*** Data section ***

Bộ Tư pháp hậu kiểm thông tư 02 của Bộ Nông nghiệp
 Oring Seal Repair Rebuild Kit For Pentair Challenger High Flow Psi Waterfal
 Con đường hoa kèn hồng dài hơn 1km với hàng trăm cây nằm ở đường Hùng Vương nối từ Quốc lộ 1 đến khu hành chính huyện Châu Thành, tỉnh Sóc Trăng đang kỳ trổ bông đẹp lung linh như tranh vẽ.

***

• [Directions]: The whole of the data is to be copied out word for word.

• [Expected answer]:
Bộ Tư pháp hậu kiểm thông tư 02 của Bộ Nông nghiệp
 Oring Seal Repair Rebuild Kit For Pentair Challenger High Flow Psi Waterfal
 Con đường hoa kèn hồng dài hơn 1km với hàng trăm cây nằm ở đường Hùng Vương nối từ Quốc lộ 1 đến khu hành chính huyện Châu Thành, tỉnh Sóc Trăng đang kỳ trổ bông đẹp lung linh như tranh vẽ.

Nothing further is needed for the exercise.